Nos conjuntos habitacionais, as despesas com construção cabem ao governo. Os órgãos habitacionais locais emitem títulos de longo prazo para cobrir os custos da construção. Dotações federais (em certos casos, estaduais) cobrem o pagamento desses títulos. Os aluguéis de inquilinos de baixa renda cobrem apenas custos administrativos, despesas correntes e de manutenção locais – todos, aliás, muito elevados nos conjuntos habitacionais. Os inquilinos dos conjuntos habitacionais pagam, com o dinheiro do aluguel, mais papel para mimeógrafo, mais horas de reuniões e mais policiamento contra o vandalismo do que quaisquer locatários desde que o mundo é mundo. Nos conjuntos habitacionais, os aluguéis são subsidiados por meio da subvenção direta dos custos investidos e de sua remoção do resultado final.

Com o sistema de renda garantida, os custos investidos seriam mantidos no cômputo do aluguel. A amortização do capital seria incluída no aluguel e, na medida em que fosse necessário subsidiar os aluguéis, o custo investido seria automaticamente subsidiado. De ambas as maneiras, de forma direta ou por meio dos aluguéis, os custos investidos seriam pagos.

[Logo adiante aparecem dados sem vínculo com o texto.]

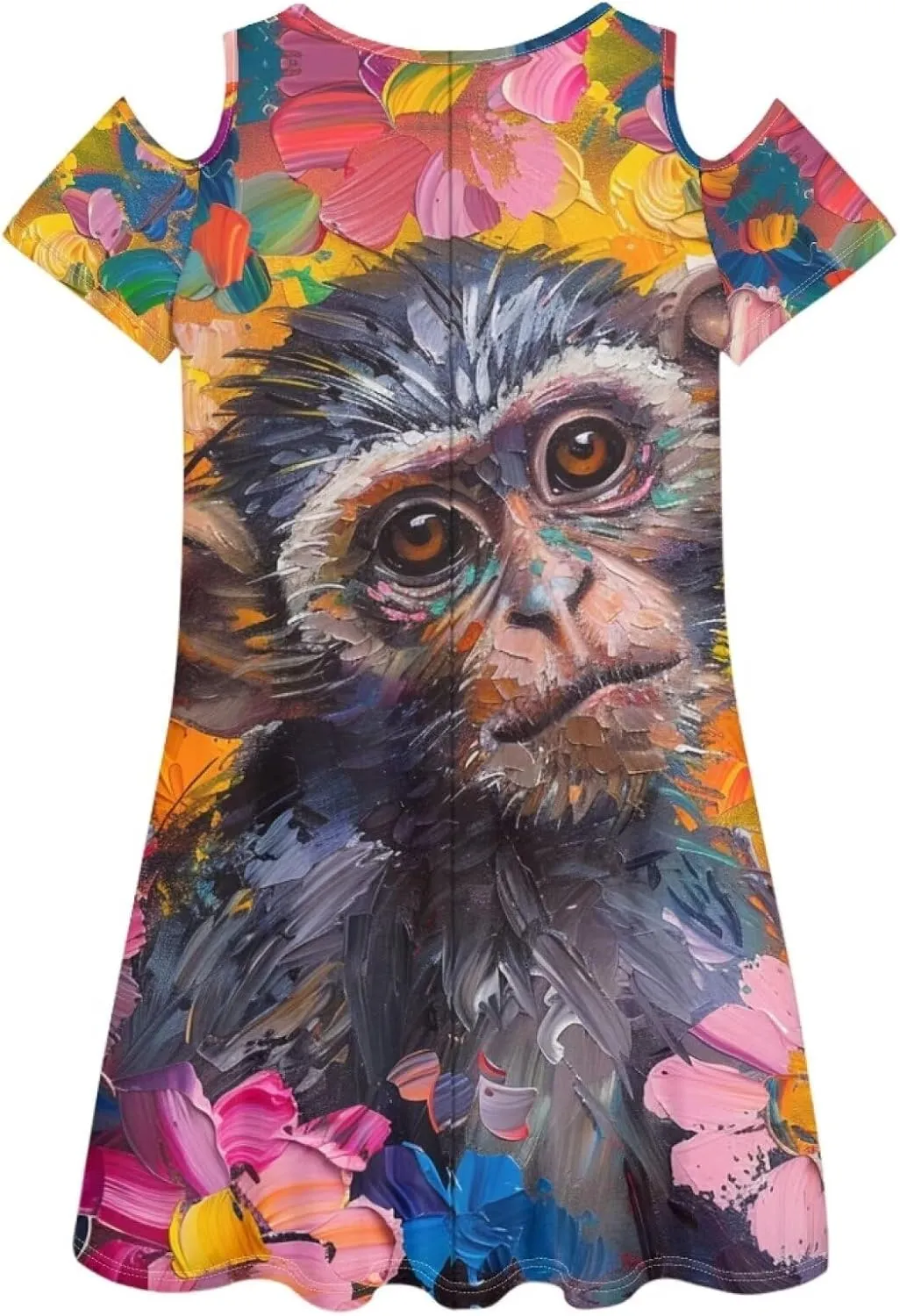 PinUp Angel Womens Summer Short Sleeve Dresses Art Oil Painting Animal Pattern Casual Crew Neck Dress Comfy Beach Sundress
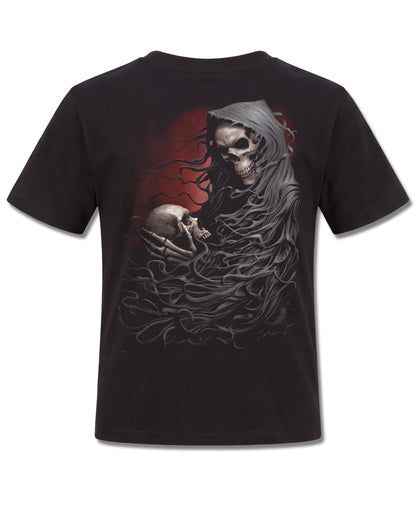 Spiral Death Robe design, back view on Black K101, Rock Off Retail official merch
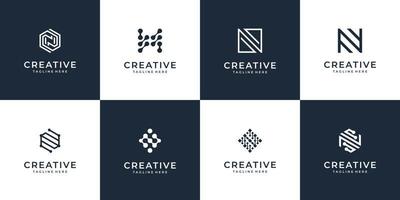 set di collezione di design del logo della lettera n vettore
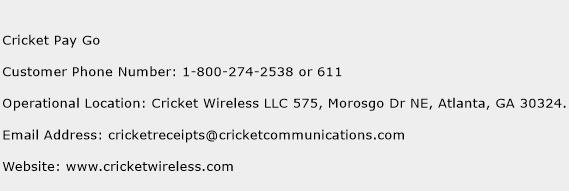 Cricket Pay Go Customer Service Number 38243 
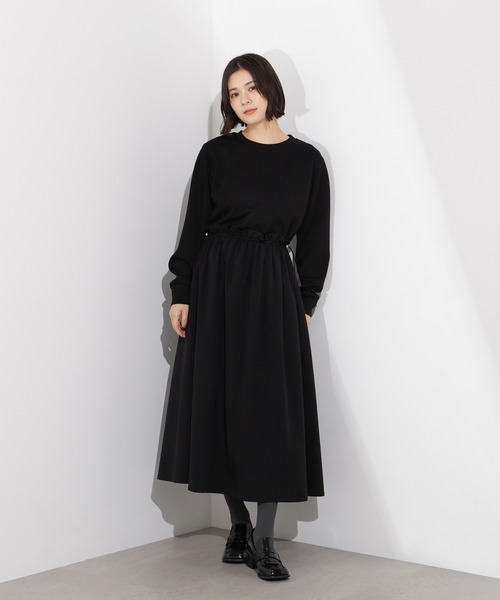 美品 NERGY ナージー Water proof 撥水 ドロストワンピース 黒 one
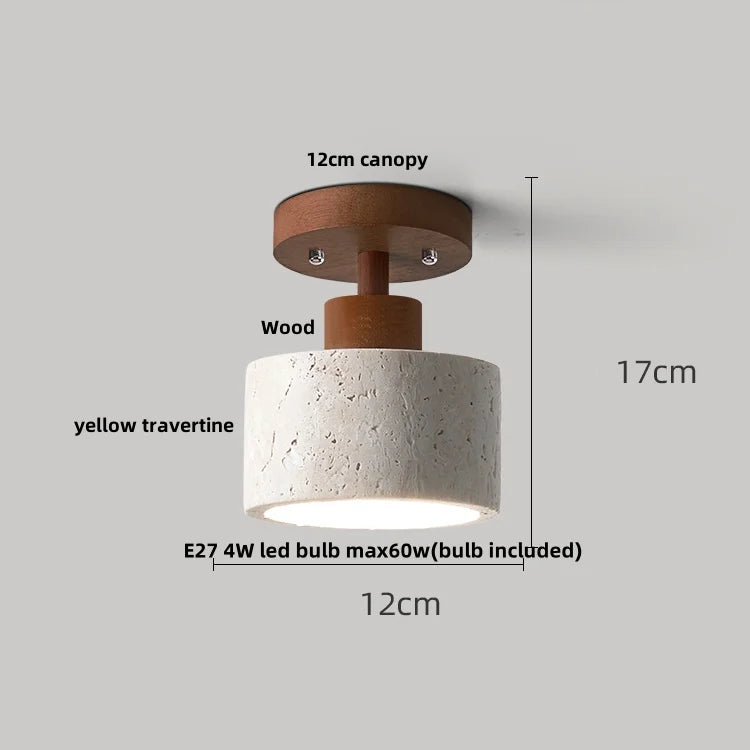 Ceiling light fixture with measurements and material details on a gray background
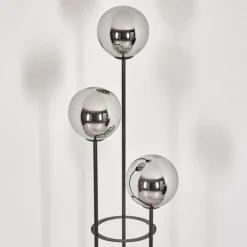 Suspension Verre Fumé-hofstein Gastor Lampadaire 30 cm Bois foncé, Noir, 3 lumières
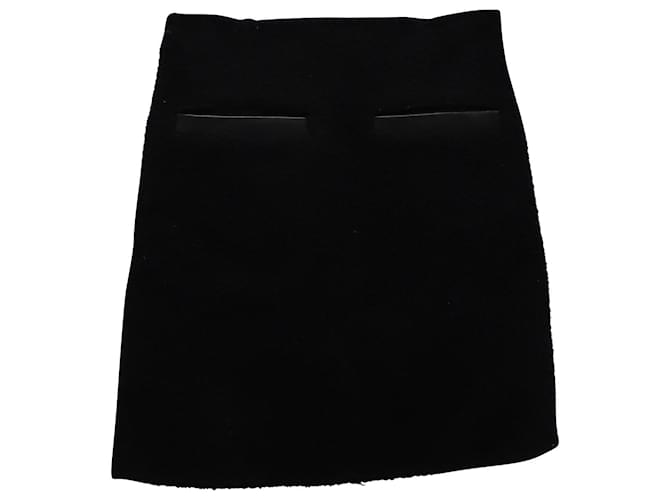 Theory Leather-Trimmed Mini Skirt in Black Wool  ref.871024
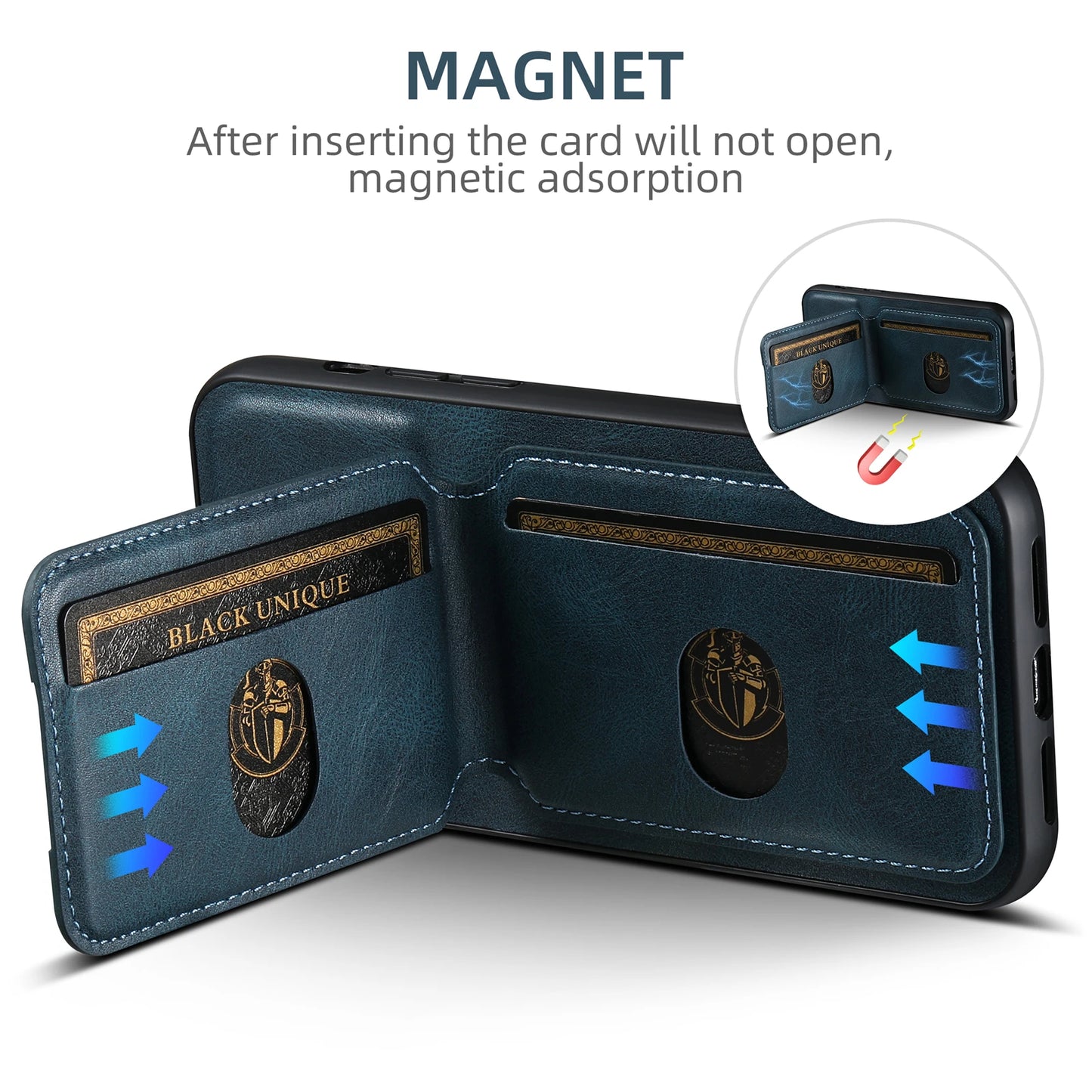 Magnetic Leather Card Holder Case For iPhone & Samsung Galaxy: 2in1 Phone Cover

A vantagem de subvencioná-los por meio da subvenção de aluguéis é esta: o subsídio financeiro torna-se muito mais flexível quando realizado com inquilinos. De forma alguma é preciso usá-lo para selecionar pessoas desta ou daquela renda, como se deve fazer quando o subsídio financeiro é um fator fixo, rigidamente fundado na própria existência da propriedade de imóveis.

Com o sistema de construção com renda garantida, seria possível eliminar outro fator fixo que atualmente separa as pessoas por faixa de renda nas construções subsidiadas. Trata-se do abatimento ou eliminação do imposto sobre a propriedade de bens imóveis. Sob propriedade pública, a maioria dos conjuntos habitacionais de baixa renda não paga impostos sobre bens imóveis. Muitos conjuntos habitacionais de renda média ganham abatimento ou prorrogação de impostos para que os aluguéis baixem, ou, no caso de cooperativas, suas despesas de manutenção. Todos esses meios são uma forma de subvenção e exigem uma restrição concomitante na renda dos inquilinos – no mínimo, no momento da entrada –, de modo que os que tenham melhores condições de pagar impostos sobre bens imóveis somados às despesas com moradia não se aproveitem tão abertamente de outros contribuintes.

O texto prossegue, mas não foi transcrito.